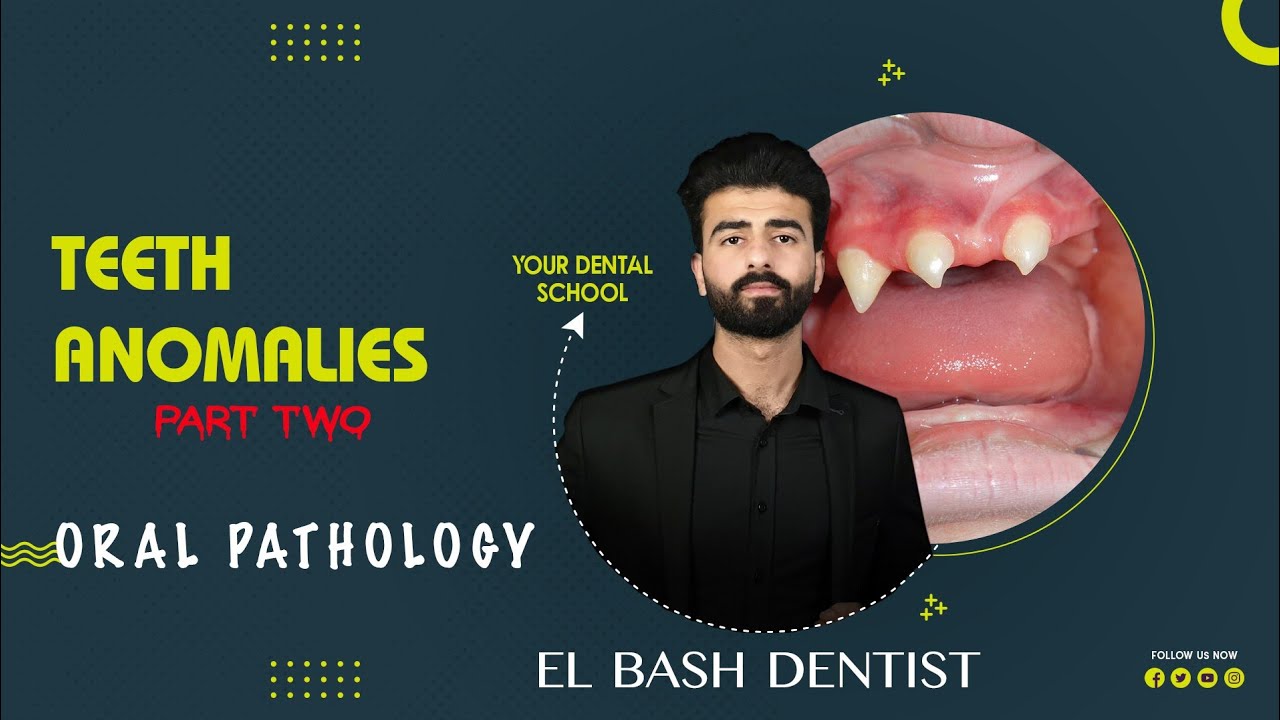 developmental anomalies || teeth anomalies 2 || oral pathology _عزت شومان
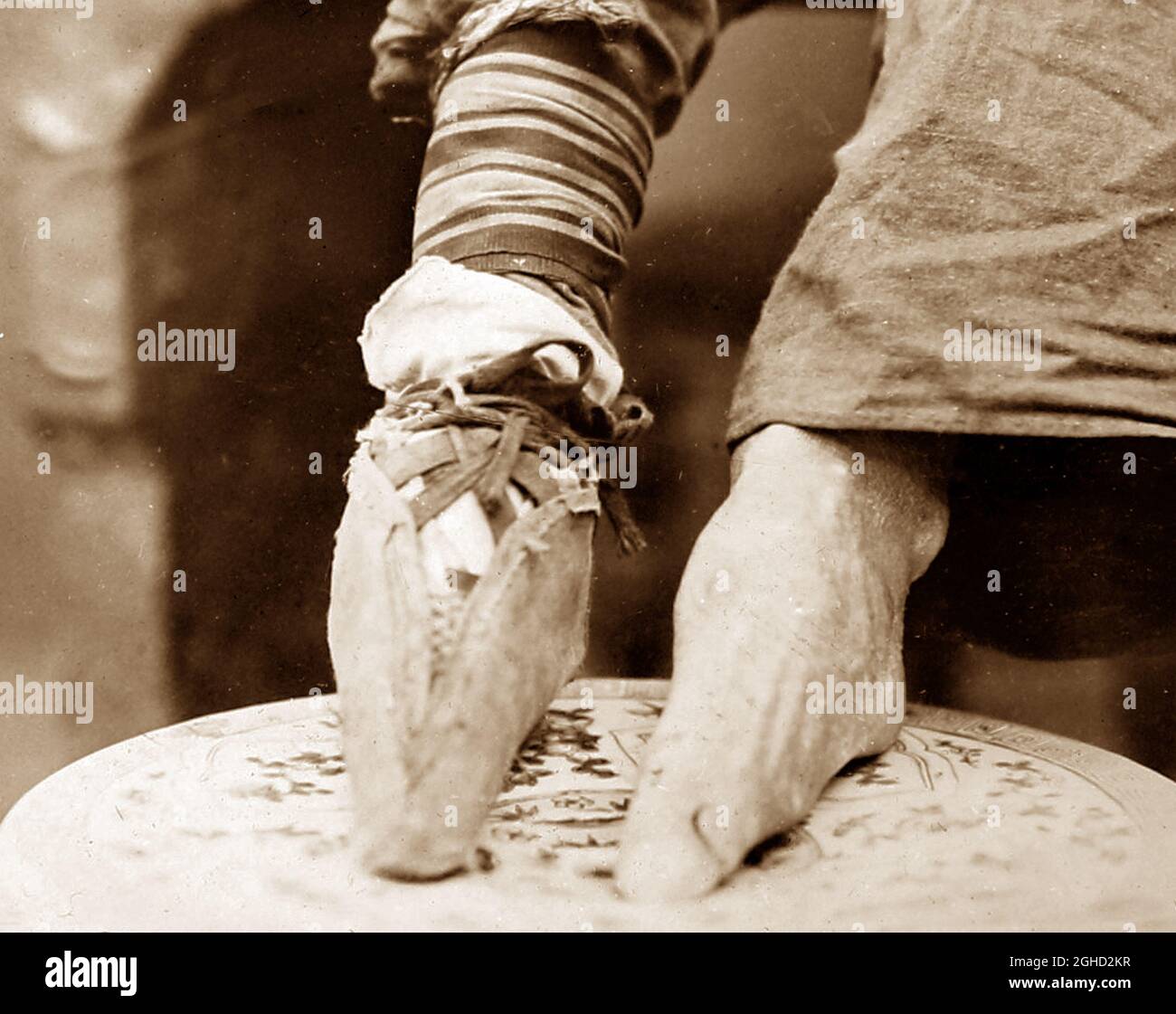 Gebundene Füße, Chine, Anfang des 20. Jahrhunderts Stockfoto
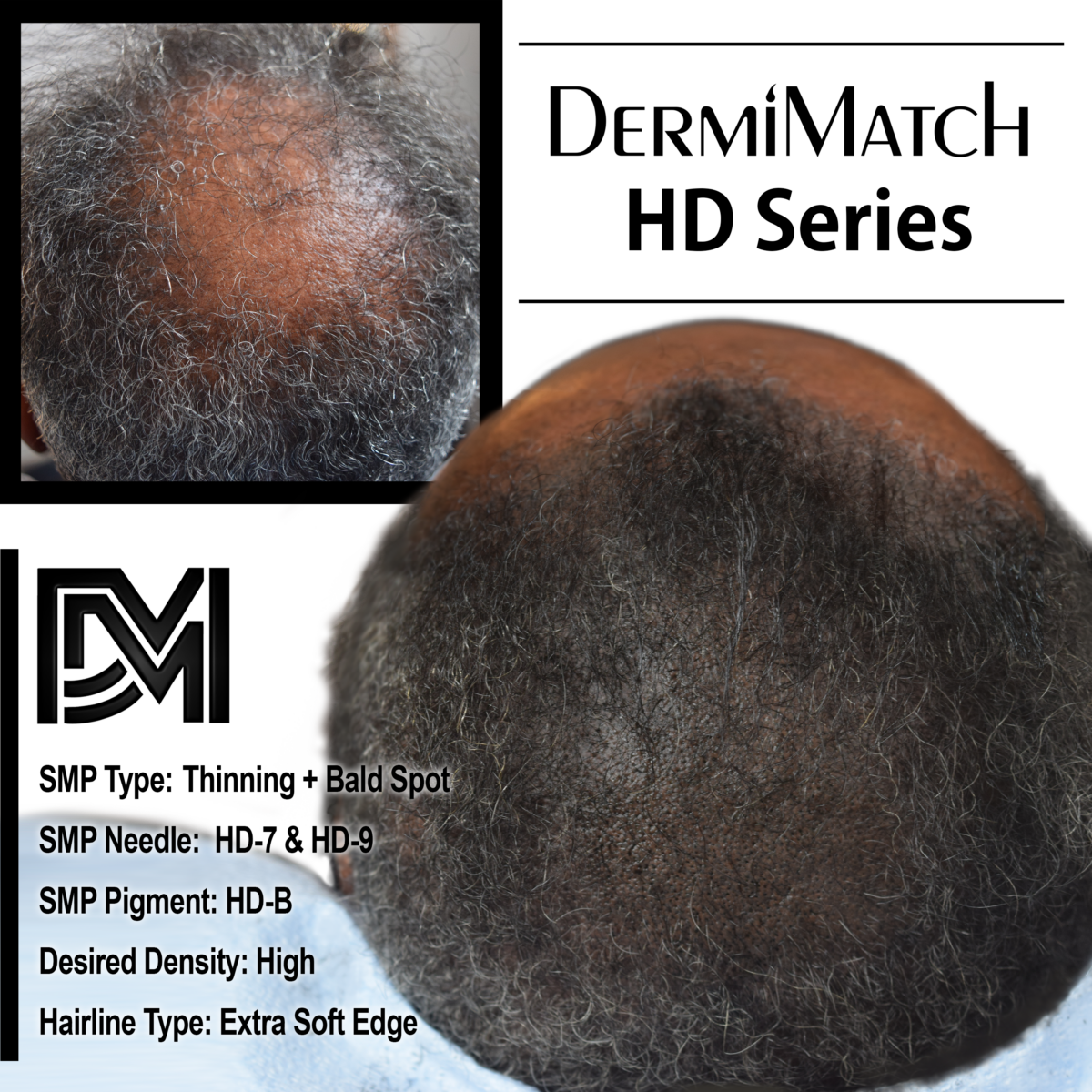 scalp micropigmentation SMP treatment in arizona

* * *

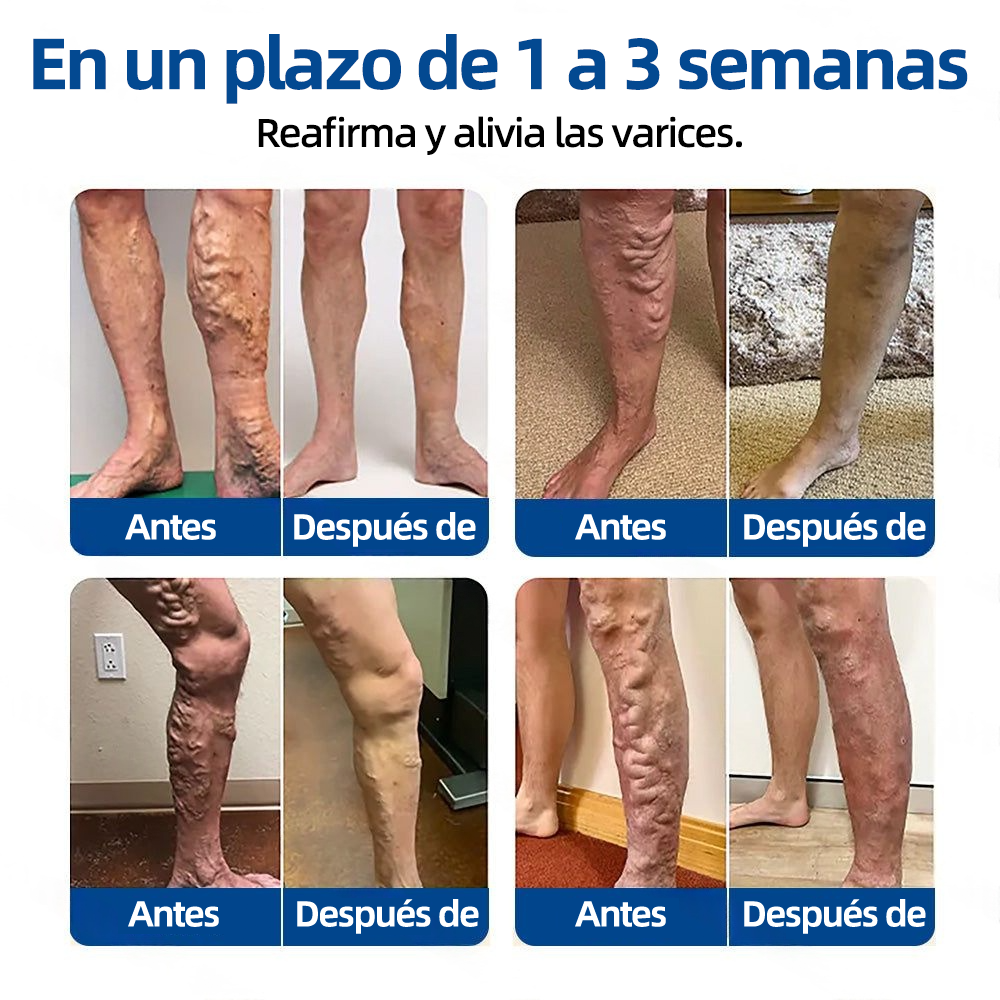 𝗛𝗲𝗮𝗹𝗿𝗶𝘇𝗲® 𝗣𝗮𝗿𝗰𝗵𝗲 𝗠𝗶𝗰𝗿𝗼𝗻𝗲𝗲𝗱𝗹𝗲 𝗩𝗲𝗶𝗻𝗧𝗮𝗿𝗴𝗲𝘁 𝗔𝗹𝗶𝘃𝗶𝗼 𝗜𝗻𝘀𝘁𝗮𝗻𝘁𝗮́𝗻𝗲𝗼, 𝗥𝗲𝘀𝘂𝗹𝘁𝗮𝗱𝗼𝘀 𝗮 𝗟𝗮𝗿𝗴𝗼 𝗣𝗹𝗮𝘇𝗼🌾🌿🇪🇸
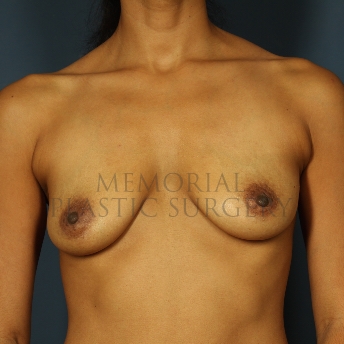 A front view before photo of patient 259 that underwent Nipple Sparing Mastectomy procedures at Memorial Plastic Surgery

◆ **Problem description**
Transcribe only the lines above that start at the line containing "Gebundene Füße, Chine, Anfang" and end at the line containing "scalp micropigmentation SMP". Omit pictures.

◆ **Answer to the exercise**
 Gebundene Füße, Chine, Anfang des 20. Jahrhunderts Stockfoto
 scalp micropigmentation SMP treatment in arizona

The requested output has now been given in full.